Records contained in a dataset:
****************

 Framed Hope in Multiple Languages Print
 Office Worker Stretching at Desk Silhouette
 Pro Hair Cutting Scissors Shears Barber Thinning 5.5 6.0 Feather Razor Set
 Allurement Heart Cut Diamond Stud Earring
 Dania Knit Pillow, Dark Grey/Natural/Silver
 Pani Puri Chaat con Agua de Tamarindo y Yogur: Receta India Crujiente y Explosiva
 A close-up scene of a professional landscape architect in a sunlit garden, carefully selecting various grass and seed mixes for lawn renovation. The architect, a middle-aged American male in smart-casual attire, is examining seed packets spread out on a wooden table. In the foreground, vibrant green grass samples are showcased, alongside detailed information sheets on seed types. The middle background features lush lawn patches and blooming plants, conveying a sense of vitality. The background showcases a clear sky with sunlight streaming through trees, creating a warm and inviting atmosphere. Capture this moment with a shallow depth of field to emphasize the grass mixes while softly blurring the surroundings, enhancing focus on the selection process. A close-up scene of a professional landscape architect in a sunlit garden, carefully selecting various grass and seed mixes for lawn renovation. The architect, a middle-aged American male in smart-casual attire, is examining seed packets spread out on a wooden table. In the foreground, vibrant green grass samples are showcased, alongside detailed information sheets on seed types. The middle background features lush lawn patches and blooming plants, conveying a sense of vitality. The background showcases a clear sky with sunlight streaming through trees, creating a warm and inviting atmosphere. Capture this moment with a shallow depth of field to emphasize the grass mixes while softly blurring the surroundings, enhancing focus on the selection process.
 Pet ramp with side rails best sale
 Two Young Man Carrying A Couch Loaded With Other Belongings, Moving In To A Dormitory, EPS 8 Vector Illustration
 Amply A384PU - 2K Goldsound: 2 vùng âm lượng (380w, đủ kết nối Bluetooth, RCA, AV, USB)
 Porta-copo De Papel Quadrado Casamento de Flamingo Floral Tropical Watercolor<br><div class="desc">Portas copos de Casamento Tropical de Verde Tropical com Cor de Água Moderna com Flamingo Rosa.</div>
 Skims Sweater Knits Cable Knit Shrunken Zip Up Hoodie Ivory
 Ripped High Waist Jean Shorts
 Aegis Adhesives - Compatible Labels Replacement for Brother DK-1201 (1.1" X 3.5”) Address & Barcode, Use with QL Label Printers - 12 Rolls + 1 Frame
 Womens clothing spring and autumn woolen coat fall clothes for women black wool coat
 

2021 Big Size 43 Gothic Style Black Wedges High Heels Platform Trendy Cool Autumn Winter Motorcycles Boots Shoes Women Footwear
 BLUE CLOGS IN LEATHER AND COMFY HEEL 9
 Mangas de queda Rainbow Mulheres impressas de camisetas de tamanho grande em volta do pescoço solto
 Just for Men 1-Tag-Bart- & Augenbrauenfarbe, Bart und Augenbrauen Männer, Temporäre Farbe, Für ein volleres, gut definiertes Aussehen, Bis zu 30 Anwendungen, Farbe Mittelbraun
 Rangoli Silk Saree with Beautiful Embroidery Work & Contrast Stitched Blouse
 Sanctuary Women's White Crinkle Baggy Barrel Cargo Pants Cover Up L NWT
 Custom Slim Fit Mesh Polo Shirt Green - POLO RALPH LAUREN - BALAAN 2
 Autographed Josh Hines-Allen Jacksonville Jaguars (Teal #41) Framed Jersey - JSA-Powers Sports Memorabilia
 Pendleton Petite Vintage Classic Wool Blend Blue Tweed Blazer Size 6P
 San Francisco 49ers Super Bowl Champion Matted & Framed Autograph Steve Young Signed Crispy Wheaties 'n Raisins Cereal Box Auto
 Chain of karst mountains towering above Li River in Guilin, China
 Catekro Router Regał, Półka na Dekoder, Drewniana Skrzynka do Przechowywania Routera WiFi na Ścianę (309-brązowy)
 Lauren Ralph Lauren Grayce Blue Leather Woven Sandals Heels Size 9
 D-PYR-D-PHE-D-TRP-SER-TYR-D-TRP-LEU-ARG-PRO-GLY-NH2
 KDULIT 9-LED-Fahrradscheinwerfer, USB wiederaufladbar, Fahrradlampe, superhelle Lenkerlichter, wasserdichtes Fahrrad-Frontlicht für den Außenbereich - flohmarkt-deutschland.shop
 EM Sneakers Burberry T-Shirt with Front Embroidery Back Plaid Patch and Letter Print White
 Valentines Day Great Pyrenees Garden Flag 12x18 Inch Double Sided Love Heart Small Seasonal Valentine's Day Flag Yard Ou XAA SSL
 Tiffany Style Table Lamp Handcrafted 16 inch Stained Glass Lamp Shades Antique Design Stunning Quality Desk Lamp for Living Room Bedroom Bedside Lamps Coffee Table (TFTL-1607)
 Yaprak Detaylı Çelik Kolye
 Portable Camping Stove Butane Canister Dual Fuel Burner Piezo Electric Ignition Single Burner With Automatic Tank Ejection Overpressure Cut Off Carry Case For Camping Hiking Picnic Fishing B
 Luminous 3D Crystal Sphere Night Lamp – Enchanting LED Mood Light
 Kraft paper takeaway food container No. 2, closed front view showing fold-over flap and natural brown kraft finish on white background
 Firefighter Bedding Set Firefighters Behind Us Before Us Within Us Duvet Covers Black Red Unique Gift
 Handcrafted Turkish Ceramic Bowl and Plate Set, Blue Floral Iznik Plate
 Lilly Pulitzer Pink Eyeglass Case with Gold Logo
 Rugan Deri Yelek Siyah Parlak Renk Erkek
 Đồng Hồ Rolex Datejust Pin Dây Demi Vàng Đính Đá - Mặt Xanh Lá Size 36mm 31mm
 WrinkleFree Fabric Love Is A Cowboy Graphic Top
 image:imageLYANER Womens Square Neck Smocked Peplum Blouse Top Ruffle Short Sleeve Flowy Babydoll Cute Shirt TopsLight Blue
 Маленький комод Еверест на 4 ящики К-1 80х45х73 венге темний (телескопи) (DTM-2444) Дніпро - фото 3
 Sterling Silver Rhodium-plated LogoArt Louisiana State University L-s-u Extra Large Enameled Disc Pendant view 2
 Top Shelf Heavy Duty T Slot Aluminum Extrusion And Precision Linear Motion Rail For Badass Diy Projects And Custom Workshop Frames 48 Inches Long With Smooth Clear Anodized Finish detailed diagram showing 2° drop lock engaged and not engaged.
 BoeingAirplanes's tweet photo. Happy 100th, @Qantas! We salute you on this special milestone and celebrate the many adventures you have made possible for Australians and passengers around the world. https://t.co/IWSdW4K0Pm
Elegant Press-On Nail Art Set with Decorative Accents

****************

What you have to do: Could you set down, exactly as written, the lines above between the one holding "image:imageLYANER Womens Square" and the one holding "Top Shelf Heavy", inclusive, and nothing more?

Completed task:
 image:imageLYANER Womens Square Neck Smocked Peplum Blouse Top Ruffle Short Sleeve Flowy Babydoll Cute Shirt TopsLight Blue
 Маленький комод Еверест на 4 ящики К-1 80х45х73 венге темний (телескопи) (DTM-2444) Дніпро - фото 3
 Sterling Silver Rhodium-plated LogoArt Louisiana State University L-s-u Extra Large Enameled Disc Pendant view 2
 Top Shelf Heavy Duty T Slot Aluminum Extrusion And Precision Linear Motion Rail For Badass Diy Projects And Custom Workshop Frames 48 Inches Long With Smooth Clear Anodized Finish detailed diagram showing 2° drop lock engaged and not engaged.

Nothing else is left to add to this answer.